PROMPT: Print each line once more, unchanged, from the line holding "Shoe cabinet SC1553 (Sintered stone top)" to the end of the listing below.

RECORD EXCERPTS:
● ● ● ● ●

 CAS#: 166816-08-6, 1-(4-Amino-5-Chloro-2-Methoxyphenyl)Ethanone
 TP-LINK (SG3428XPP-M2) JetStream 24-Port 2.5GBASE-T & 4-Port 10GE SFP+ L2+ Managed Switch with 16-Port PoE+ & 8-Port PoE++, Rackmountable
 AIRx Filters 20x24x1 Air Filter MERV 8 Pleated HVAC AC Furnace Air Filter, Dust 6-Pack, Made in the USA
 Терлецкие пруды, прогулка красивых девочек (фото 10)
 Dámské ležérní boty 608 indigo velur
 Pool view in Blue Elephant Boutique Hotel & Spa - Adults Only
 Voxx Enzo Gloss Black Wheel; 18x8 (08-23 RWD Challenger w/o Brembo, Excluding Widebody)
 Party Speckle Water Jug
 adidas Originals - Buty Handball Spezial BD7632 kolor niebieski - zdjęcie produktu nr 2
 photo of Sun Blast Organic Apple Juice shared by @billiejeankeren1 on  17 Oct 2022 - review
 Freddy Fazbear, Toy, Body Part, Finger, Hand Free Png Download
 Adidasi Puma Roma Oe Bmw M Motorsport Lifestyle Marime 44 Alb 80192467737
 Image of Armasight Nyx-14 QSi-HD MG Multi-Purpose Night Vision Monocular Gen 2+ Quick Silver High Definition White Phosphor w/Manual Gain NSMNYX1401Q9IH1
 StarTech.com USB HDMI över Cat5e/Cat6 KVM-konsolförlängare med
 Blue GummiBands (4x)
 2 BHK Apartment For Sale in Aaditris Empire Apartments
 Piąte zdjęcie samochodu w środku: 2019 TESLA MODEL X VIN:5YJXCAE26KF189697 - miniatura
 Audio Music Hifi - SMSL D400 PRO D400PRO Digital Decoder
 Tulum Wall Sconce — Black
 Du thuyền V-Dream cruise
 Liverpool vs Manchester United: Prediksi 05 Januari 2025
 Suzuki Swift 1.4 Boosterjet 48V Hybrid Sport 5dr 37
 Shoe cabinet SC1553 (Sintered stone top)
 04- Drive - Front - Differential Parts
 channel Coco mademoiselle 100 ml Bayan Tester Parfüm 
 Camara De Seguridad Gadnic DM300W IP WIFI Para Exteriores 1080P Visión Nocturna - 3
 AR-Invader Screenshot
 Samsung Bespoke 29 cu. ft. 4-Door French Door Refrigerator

● ● ● ● ●

WORKED SOLUTION:
 Shoe cabinet SC1553 (Sintered stone top)
 04- Drive - Front - Differential Parts
 channel Coco mademoiselle 100 ml Bayan Tester Parfüm 
 Camara De Seguridad Gadnic DM300W IP WIFI Para Exteriores 1080P Visión Nocturna - 3
 AR-Invader Screenshot
 Samsung Bespoke 29 cu. ft. 4-Door French Door Refrigerator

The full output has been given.